I actually think the terms of the French ban recognise the problem very well — the fine is only €150 for the woman wearing the veil but €30,000 or a year in jail for the man who forces her to do so. This recognises that the woman does not deserve further shaming and attempts to go to the source.

Of course, the man too may suffer shaming and ostracism by his culture (although likely not death) if “his” woman is not covered, so truly “going to the source” requires a much deeper and wider educative approach where men and women are encouraged to find ways of affirming their identity and their honour without shaming or degrading each other.

P.S. After writing the above post, I found this wonderful article by Yasmin Alibhai-Brown which eloquently and fervently expresses some of the same thoughts and many more… I so admire her stance as a Muslim woman and I urge anyone who is interested in the implications of the veil to read her too: “Stand up against the burka” (The Guardian, 17 May 2010).

P.P.S. 04 April 2011. The wonderful Yasmin Alibhai-Brown has again written a great piece on the dangers of the veil. She says that banning is too extreme a response, but urges society to consider sixteen reasons why Muslims themselves should oppose it: Sixteen Reasons why I object to this dangerous cover-up.



2010: The Abuse and Insult Continue

How about this latest instance of the “good news” and the “loving” message of Jesus Christ from the Catholic Church:

The Guardian today reports that “Revised Catholic rules put female ordination in same category of crime under church law as clerical sex abuse of minors”: Vatican makes attempted ordination of women a grave crime

Why not legislate that Catholic women should wear burqas too? That should really make the position quite clear. And before you cry that there is no similarity, I ask you to consider this more deeply:

  • They are both rules made by men in power
  • To ensure that women never have power
  • On the basis that a masculine god-construct said so
  • And that men are supposedly better rulers of themselves and of others
  • And that women are supposedly mentally and emotionally weaker than men
  • And that women exercising power are more dangerous than men exercising power
  • Despite the negative examples of enormous bad done by powerful men
  • And the positive examples of enormous good done by powerful women

One’s gender does not define one’s morality or one’s capacity, even physically. For every strong man there is one who is weaker than a woman. For every weak woman there is one who is stronger than a man. And in all issues of conscience and character, any person has the potential to grow stronger or weaker. We are what we choose to be, not what religion or any man says we must be.

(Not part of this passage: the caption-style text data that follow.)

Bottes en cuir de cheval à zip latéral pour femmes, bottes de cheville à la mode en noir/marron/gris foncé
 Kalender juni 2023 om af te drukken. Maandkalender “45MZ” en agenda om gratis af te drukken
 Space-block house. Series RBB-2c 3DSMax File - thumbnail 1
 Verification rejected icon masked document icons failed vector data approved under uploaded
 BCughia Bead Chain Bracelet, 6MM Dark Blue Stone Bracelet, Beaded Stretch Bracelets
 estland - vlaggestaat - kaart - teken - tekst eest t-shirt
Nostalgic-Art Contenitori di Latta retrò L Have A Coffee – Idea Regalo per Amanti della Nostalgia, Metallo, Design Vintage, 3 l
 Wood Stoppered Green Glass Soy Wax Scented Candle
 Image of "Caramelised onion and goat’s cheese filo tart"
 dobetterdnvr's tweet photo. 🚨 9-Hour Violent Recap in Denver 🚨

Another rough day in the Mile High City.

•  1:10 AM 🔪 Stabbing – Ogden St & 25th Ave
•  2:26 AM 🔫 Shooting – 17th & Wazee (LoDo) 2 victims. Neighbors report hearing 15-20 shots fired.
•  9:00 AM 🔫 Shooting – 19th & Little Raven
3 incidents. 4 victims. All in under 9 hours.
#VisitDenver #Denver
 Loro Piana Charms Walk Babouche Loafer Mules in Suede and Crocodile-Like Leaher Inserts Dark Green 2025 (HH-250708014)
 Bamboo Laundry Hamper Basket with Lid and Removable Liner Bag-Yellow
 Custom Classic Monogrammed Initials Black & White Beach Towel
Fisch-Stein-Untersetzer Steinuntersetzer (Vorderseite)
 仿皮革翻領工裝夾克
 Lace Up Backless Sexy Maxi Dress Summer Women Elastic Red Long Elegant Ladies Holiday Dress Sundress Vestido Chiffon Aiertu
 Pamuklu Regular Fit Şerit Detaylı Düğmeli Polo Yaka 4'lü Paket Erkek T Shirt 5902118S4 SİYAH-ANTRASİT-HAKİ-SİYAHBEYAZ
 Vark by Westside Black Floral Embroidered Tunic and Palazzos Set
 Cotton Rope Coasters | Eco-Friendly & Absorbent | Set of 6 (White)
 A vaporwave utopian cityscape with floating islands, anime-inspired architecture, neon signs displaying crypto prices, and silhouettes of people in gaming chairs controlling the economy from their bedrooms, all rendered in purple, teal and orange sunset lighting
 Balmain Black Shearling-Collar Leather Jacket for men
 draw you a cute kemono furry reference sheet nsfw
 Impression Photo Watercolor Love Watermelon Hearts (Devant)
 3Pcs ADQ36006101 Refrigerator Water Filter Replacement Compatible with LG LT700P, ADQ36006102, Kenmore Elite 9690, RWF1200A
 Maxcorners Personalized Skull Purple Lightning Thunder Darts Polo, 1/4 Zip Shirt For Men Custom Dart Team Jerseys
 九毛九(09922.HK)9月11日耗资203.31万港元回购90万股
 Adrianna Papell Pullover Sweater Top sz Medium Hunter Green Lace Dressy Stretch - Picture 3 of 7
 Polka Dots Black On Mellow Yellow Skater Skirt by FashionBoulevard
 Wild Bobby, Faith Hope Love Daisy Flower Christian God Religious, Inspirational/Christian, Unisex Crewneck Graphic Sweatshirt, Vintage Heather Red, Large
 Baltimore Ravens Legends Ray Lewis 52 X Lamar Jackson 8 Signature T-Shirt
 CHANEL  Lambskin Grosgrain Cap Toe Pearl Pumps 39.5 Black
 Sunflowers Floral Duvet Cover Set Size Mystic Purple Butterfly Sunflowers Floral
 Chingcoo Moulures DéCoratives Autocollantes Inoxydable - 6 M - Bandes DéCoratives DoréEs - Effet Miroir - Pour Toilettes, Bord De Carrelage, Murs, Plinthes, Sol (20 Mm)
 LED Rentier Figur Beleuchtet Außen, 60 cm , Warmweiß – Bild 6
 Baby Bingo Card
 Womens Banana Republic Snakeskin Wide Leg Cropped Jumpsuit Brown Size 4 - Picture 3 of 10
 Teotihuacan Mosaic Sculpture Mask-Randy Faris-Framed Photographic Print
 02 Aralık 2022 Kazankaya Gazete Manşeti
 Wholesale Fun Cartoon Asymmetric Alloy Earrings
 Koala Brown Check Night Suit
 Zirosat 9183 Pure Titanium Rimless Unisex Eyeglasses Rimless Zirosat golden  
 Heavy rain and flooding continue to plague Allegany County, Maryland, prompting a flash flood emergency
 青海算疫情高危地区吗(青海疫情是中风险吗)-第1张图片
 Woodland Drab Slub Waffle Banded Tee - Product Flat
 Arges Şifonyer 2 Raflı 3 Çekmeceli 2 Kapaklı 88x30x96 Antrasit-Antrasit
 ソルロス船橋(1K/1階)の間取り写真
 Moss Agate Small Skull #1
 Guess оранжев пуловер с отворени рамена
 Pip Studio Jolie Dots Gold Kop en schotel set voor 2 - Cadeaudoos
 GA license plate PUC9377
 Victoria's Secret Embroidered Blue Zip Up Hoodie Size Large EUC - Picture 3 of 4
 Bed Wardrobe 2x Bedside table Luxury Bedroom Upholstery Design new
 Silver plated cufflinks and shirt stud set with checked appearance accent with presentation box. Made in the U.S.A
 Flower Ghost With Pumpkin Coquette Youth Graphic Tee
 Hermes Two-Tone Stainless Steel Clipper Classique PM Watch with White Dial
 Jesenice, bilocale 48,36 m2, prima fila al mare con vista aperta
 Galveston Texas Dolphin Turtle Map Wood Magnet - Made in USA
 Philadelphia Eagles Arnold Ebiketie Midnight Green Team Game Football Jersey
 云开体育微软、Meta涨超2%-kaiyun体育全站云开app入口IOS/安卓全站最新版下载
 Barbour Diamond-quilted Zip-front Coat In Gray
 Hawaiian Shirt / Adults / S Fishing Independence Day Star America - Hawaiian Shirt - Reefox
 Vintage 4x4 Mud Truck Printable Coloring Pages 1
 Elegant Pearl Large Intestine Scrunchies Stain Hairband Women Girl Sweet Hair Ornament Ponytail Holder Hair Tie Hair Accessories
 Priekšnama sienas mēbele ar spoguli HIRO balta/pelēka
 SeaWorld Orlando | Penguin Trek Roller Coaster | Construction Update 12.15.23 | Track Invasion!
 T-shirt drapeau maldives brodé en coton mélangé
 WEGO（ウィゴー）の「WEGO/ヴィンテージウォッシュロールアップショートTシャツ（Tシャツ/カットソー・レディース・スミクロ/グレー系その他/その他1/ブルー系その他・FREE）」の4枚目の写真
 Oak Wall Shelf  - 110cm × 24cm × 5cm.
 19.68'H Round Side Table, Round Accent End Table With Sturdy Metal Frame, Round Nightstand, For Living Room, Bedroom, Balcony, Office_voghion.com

The gospel that the church claims it was commissioned to preach is the gospel of love. Why can we never feel or hear or experience that love amongst the welter of prohibitions and condemnations that exercise religious minds? Do any of them actually believe that Jesus came to set the world free? Or is love just so hard that no one is actually capable of it?

It is so much easier just to legislate and condemn and blame anyone other than oneself for sin … man has been doing it since Adam and it looks like the Catholic Church has learned nothing since then. Didn’t Jesus say, “Let him who is without sin cast the first stone…”?